Goals // Week 18: Simply Flowing

This week marks the beginning of a new month and what I hope will finally be the end of wintery cold and clouds. I’m looking forward to the sun, Spring finally springing, and to the world opening up, to life returning everywhere.

It isn’t a particularly busy time at work right now. Instead, it’s a time of preparing. The school year will end in just a few short weeks and though the vast majority of the kids will be enjoying their summer break, there is still work to be done as we ready for the next year to begin. There is summer school, trainings, conferences, renovations and purchases to make, and a plethora of policy changes to implement.
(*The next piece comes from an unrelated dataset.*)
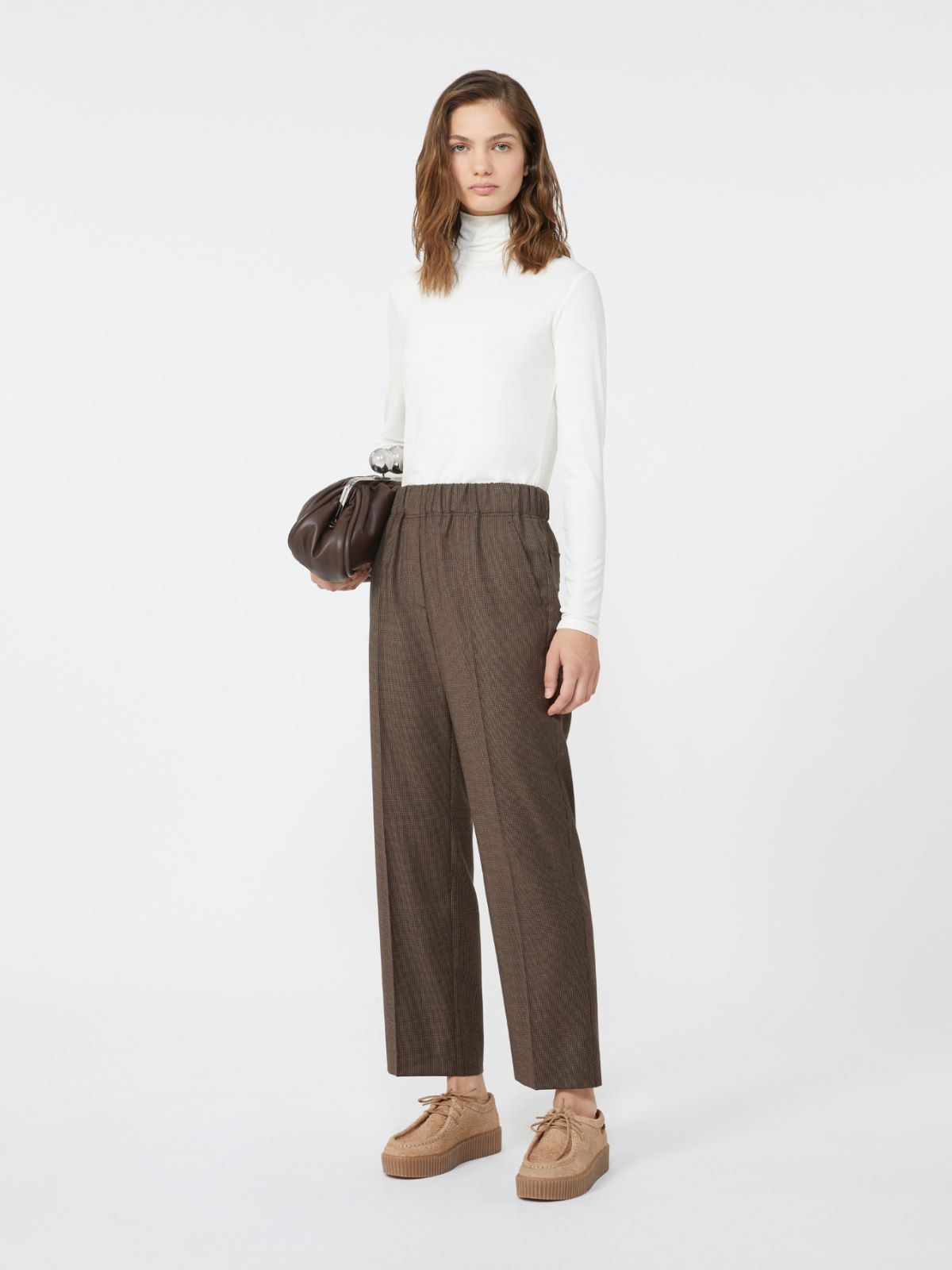 Stretch viscose turtleneck - ECRU - Weekend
This week I’m dividing my time. I’m preparing at work and I’m pulling away for my own passions too. I have returned to writing and I don’t want to lose my motivation or momentum by either looking away or looking too closely. This week I’m simply flowing.

This week I will:

Continue meditating. I let the practice go some months ago, and the failure hit me so hard I haven’t been able to return until last week. It hasn’t been easy to get return to either. I’m fidgety and mind wanders far too easily, but I’m learning not to resist them but to let them come and then let them go. A much-needed lesson in these trying times.

Set aside one hour a day of writing. Ideally, this will be the first hour I am home directly after work. No one is expecting anything from me during that time, and I am generally alone. I will sometimes use that hour for a quick nap or to take care of neglected house chores, but that is only a way of procrastinating that I think will result in less guilt. It doesn’t.
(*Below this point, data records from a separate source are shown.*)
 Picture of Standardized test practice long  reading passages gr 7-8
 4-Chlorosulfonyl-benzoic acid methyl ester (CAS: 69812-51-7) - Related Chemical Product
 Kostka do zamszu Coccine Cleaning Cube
Use all other free time for doing the “fun” parts of blogging. Reading, commenting, image searching, idea generation, and design are all things I tend to do instead of actually tying words onto the screen. The point of the scheduled hour is two-fold, to remember when to write and to be able to give myself permission not to write.
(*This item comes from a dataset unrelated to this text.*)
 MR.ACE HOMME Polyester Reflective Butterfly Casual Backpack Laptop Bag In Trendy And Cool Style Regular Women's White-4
Read for 30 minutes every day. The next TBR to tackle is Poor People’s Movements: Why They Succeed, How They Fail by Frances Fox Piven. It’s a great book and the difficulty I face trying to finish it is through no fault of the author. I simply struggle to concentrate while reading from a screen, but like all things I expect I only need more practice. This week’s lunch hours are allocated for the work.

Finish one blog post this week. I have many drafts started and plenty of notes and free writing done, but nothing edited and nothing ended, which is always the hardest part for me. This week I’m going to stick to my writing schedule and tackle the drafts one by one. Hopefully next week I can hope for two blog posts! Bonus: Wrap up one newsletter draft as well.

This week I will not put too much pressure on myself. Things have been enjoyable lately and I don’t want to lose that feeling. I want to write, and read, and learn, and connect, but I don’t want it to be work and I don’t want it to be hard. I want these goals to be a source of joy and peace, not a reason to have to negotiate or berate myself.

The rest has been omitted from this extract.